(THE DATA)
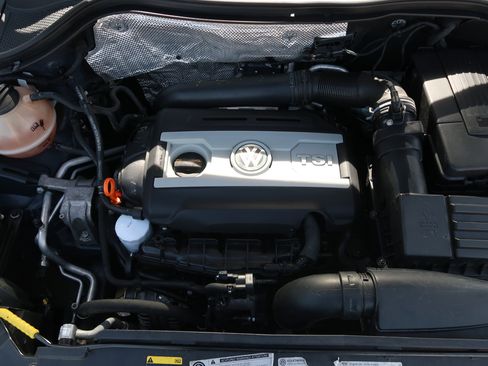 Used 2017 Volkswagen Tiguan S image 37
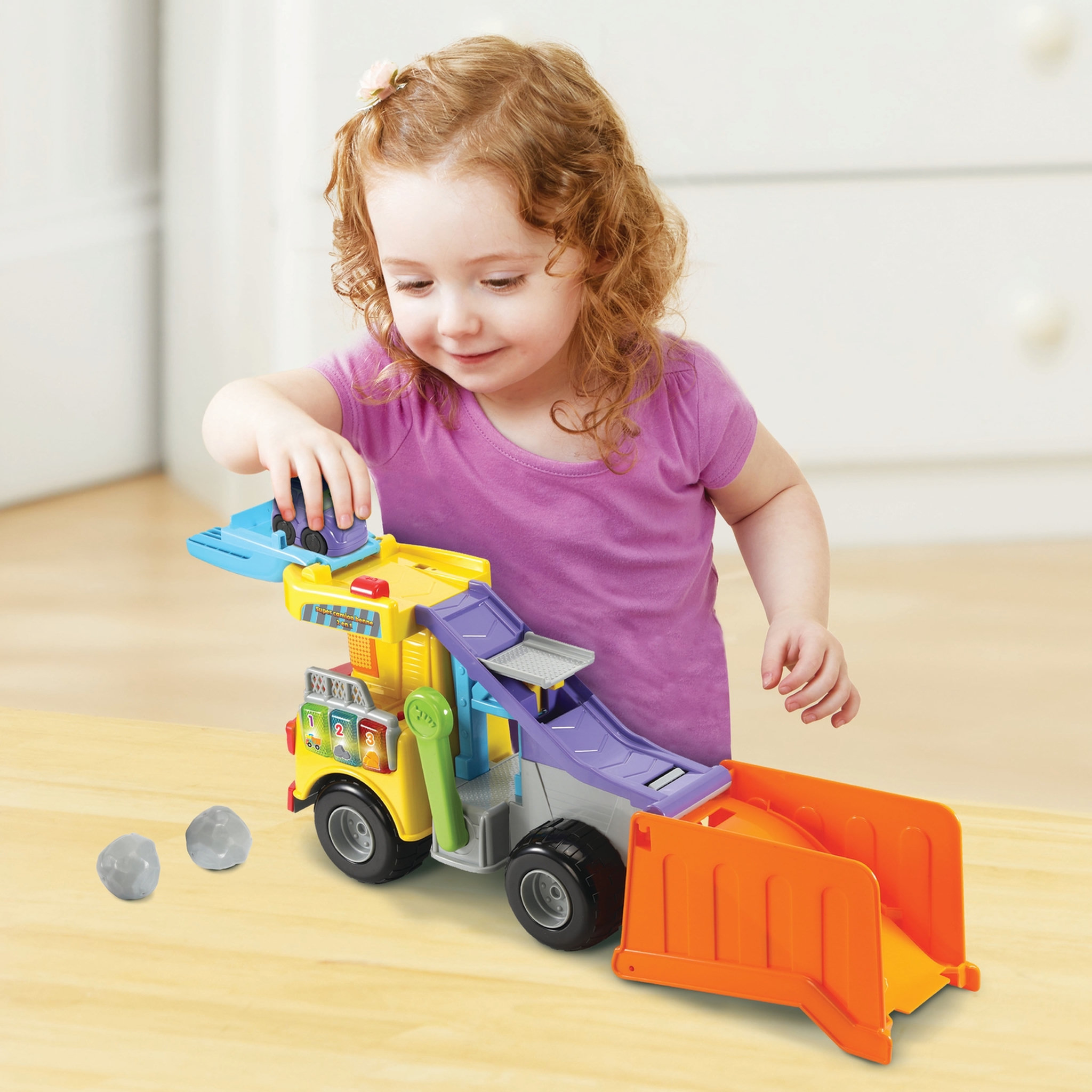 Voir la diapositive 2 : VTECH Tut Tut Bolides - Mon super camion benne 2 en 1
(End THE DATA)
(THE DATA)
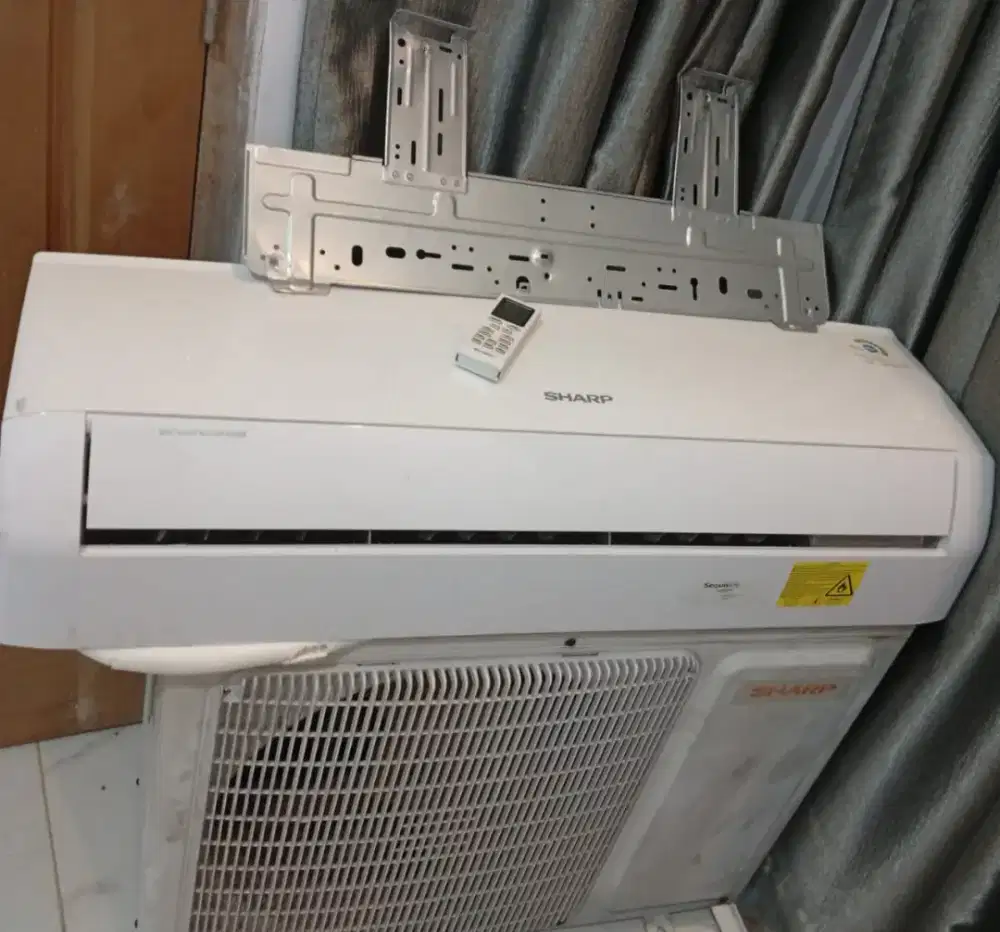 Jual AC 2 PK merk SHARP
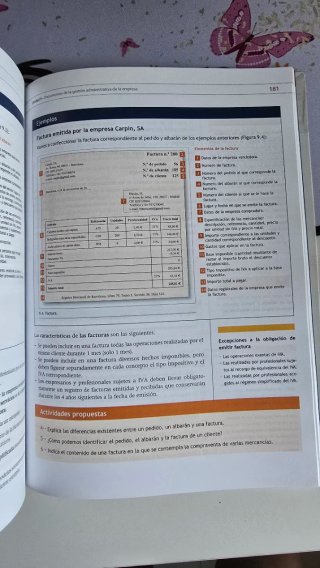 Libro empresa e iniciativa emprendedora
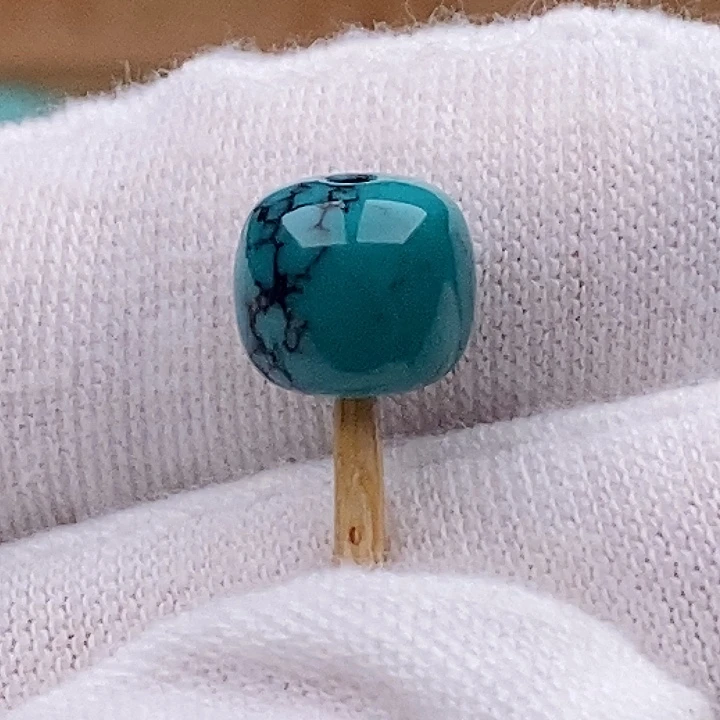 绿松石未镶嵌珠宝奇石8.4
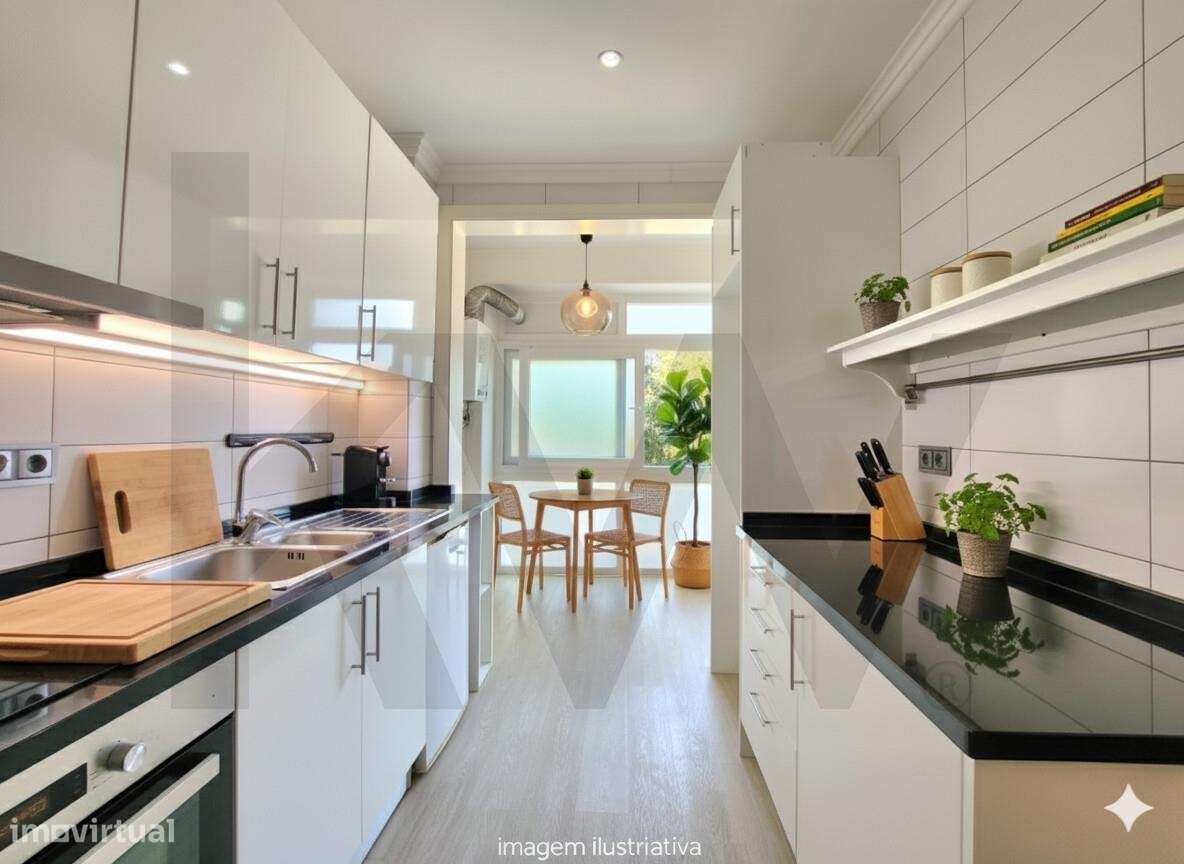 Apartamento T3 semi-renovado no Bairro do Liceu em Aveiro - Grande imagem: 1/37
(End THE DATA)
(THE DATA)
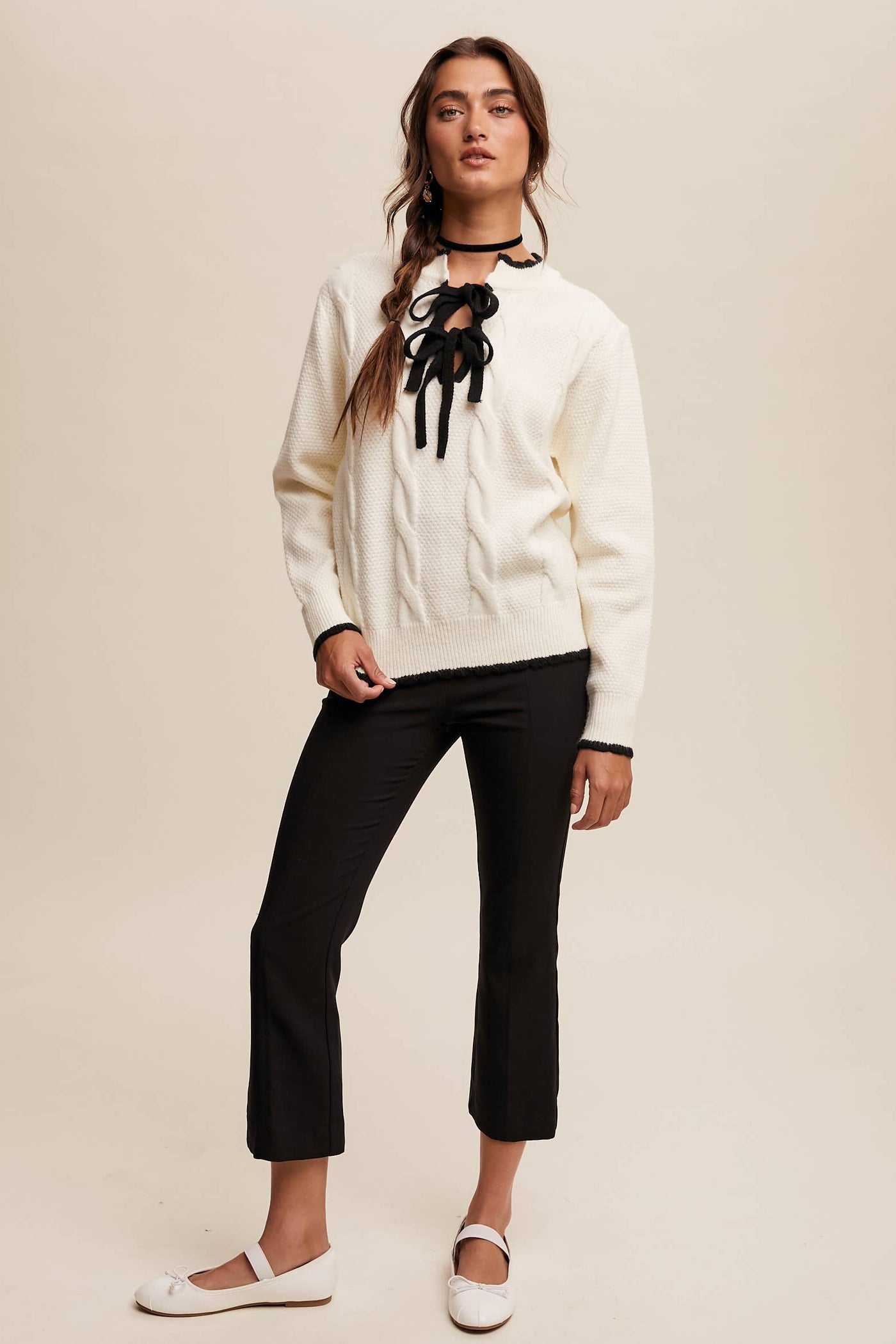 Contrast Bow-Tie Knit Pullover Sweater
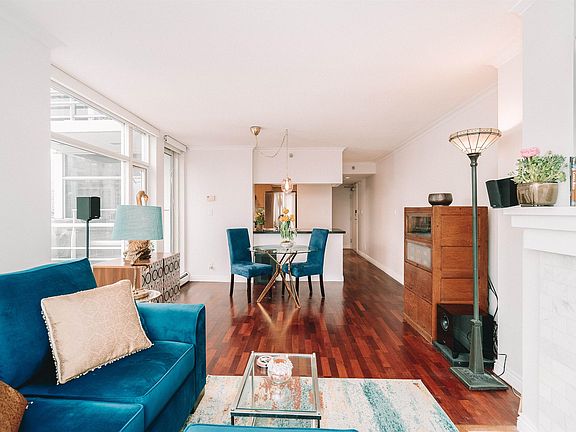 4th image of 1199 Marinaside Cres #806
(End THE DATA)
- **WORK INSTRUCTION**:
Beginning at the line that has "绿松石未镶嵌珠宝奇石8.4" and ending at the line that has "Apartamento T3 semi-renovado", restate the listing above word for word, pictures left out.

- **ANSWER SPACE**:
 绿松石未镶嵌珠宝奇石8.4
 Apartamento T3 semi-renovado no Bairro do Liceu em Aveiro - Grande imagem: 1/37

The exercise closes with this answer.